**PROBLEM DESCRIPTION**
Set down exactly the lines below between the line holding "ペンション Casa Consuelo" and the line holding "Chillout Hostel", inclusive; no other line belongs in the answer.

**THE INPUT**
• • • • •
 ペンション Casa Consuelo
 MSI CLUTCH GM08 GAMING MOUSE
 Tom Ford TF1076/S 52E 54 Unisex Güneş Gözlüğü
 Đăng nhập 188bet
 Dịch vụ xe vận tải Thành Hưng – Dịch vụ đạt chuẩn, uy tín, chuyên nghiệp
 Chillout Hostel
• • • • •
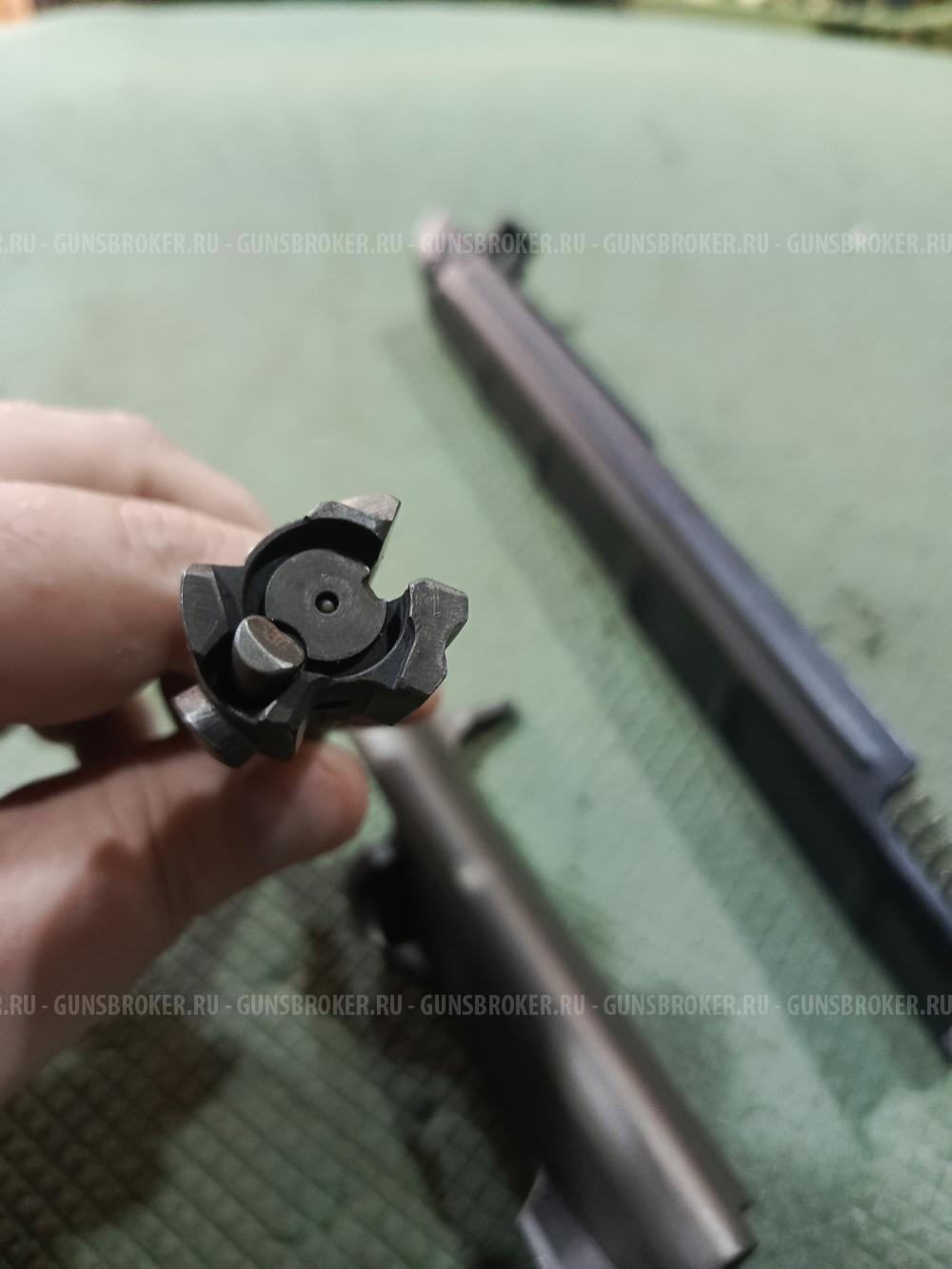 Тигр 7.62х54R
• • • • •
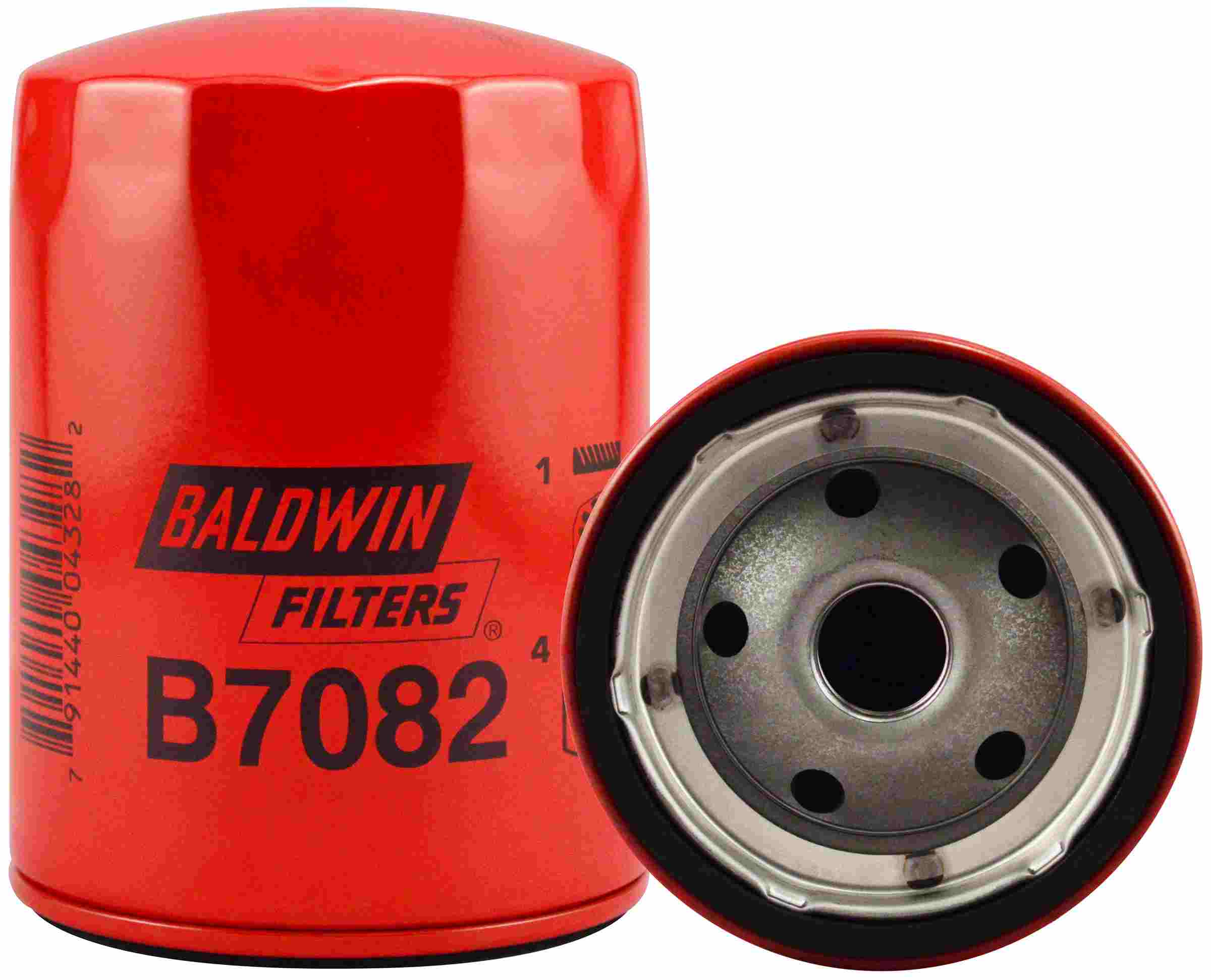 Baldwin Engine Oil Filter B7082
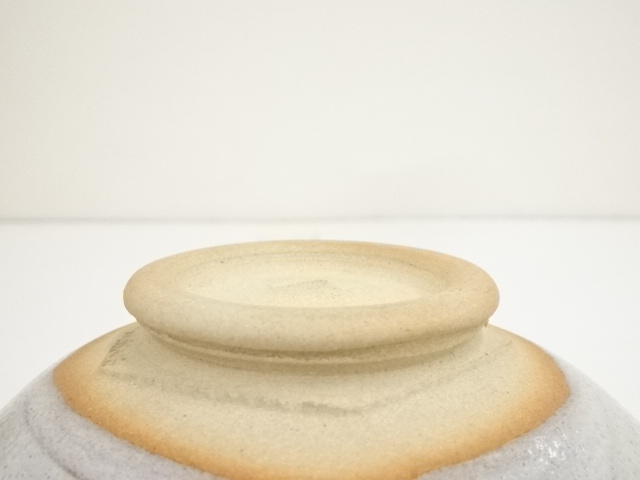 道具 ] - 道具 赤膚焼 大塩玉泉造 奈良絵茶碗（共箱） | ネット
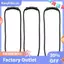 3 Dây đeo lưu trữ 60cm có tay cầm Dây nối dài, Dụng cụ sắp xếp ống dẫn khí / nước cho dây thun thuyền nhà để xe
• • • • •
**EXERCISE RESULT**
 ペンション Casa Consuelo
 MSI CLUTCH GM08 GAMING MOUSE
 Tom Ford TF1076/S 52E 54 Unisex Güneş Gözlüğü
 Đăng nhập 188bet
 Dịch vụ xe vận tải Thành Hưng – Dịch vụ đạt chuẩn, uy tín, chuyên nghiệp
 Chillout Hostel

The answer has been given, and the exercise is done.